The WP REST API provides no session management functionality. There is no way to login, register, or logout via the REST API.

If it did, the registration endpoint in your question would be unnecessary.

Plugins might exist that provide session management, but doing this will require 100% custom code.

If it helps, this is the automatic API discovery process for the REST API that reveals the authentication methods it exposes:

https://developer.wordpress.org/rest-api/using-the-rest-api/discovery/#authentication-discovery

You may find with 3rd party authentication plugins that the ability to login via the API and create new authentication sessions purely via the API might be possible.

Q2. When it gets Ok result from API, it will return to WordPress site and log in. How can we make this turn?

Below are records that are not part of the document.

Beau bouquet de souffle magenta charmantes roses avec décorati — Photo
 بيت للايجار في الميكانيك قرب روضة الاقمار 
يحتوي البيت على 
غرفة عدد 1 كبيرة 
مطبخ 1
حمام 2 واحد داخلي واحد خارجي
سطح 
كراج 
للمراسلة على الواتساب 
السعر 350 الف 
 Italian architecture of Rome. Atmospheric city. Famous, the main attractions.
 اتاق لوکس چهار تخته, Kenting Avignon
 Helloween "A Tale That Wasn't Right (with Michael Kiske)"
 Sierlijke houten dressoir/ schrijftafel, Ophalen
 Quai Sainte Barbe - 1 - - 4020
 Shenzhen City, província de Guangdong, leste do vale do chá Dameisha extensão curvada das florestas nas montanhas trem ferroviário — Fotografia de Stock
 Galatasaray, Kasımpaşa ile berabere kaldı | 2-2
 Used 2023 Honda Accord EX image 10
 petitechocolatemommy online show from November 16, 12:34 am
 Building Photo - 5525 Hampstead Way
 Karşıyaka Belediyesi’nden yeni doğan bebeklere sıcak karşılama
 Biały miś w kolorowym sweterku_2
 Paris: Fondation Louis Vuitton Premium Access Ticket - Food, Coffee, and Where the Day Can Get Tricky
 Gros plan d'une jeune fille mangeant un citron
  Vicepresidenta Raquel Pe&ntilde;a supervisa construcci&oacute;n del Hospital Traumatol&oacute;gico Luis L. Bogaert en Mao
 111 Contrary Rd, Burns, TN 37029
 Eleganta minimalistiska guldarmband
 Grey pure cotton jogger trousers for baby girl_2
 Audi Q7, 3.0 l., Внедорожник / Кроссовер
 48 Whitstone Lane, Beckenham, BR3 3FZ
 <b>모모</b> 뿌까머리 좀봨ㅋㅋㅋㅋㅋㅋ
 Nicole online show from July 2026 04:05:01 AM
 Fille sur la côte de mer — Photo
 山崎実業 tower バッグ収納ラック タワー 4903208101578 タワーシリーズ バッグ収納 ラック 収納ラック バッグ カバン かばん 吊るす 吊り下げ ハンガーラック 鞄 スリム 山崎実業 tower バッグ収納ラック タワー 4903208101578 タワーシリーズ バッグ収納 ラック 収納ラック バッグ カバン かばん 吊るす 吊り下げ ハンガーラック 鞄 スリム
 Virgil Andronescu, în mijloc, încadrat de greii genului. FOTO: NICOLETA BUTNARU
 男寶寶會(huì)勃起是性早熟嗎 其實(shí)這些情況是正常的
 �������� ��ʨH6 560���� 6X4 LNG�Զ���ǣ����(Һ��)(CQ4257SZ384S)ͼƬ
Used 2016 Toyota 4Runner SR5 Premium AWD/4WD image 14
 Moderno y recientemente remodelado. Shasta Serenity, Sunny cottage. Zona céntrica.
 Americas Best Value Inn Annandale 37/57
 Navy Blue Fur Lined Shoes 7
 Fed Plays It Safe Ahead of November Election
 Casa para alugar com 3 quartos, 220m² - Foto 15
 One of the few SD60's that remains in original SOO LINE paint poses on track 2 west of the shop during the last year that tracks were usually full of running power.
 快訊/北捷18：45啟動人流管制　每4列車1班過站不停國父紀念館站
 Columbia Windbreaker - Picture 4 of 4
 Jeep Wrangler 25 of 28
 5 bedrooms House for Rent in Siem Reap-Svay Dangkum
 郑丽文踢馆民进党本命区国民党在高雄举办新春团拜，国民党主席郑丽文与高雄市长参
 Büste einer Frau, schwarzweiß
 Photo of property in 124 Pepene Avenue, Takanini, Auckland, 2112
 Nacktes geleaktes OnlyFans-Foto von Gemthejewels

You would need to create an entirely new endpoint to do this. Software such as Softaculous has an advantage the REST API does not because it can reach behind the scenes and do things directly to the database, run PHP scripts directly with priviledged access, or WP CLI commands such as wp user create etc and do things that can't normally be done.

A common method on enterprise hosting is to do this via a WP CLI command using internal mechanisms that aren't reachable via a browser or the open web, such as queued tasks or internal proprietary cron jobs. Others use custom REST API endpoints that create temporary users and then set up credentials and custom filters to bypass what the site normally does ( you would not want to do this as it has major security implications and is not scalable, these systems are built with a lone hosting support/maintenance agent in mind, not for regular use ).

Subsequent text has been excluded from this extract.